Using the old toolchain the latest ESP-IDF master, I'm able to get Sample1 working... when the log level is Debug or Verbose. When the log level is Info, the custom characteristic doesn't actually appear through the nRF Connect app, but the device is there and named correctly.
For obvious reasons, I'm having trouble debugging this, since the issue appears to be timing dependent, and the log statements slow the code down just enough to avoid the issue.

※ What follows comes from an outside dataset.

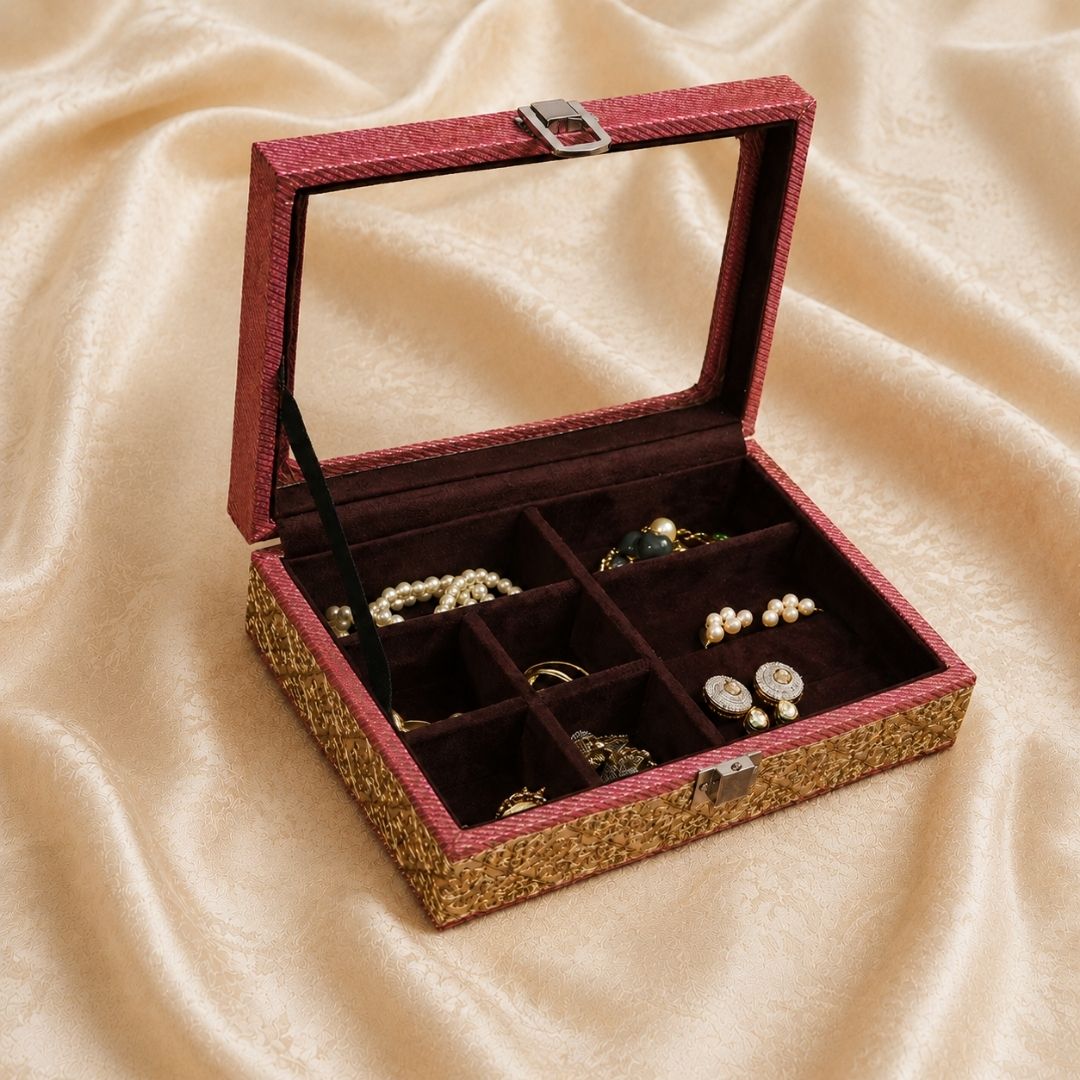 Brocade Earring  Box Pink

Possibly related to https://github.com/nkolban/esp32-snippets/issues/82 or https://github.com/espressif/esp-idf/issues/857
One thing we could try is to introduce "slowness" at various points in our code. We can selectively enable/disable logging dynamically in the apps. For example, enable logging at the start and disable logging 1/2 way through. Using this "divide by 2" approach, we might be able to quickly locate the "area" where the timing conditions are becoming problematic.
I am not saying by any stretch of the imagination that there isn't an error in my usage of the ESP-IDF low level BLE APIs. The only clue I have is that all worked at one build of the ESP-IDF and stopped working at another ... but if I was doing something wrong in the older build, it might have been tolerated where now it isn't. But wrong is wrong ... and I need to snipe hunt it down.
Well hmm ... I tried to recreate the issue ... and in the end did ... however I'm troubled.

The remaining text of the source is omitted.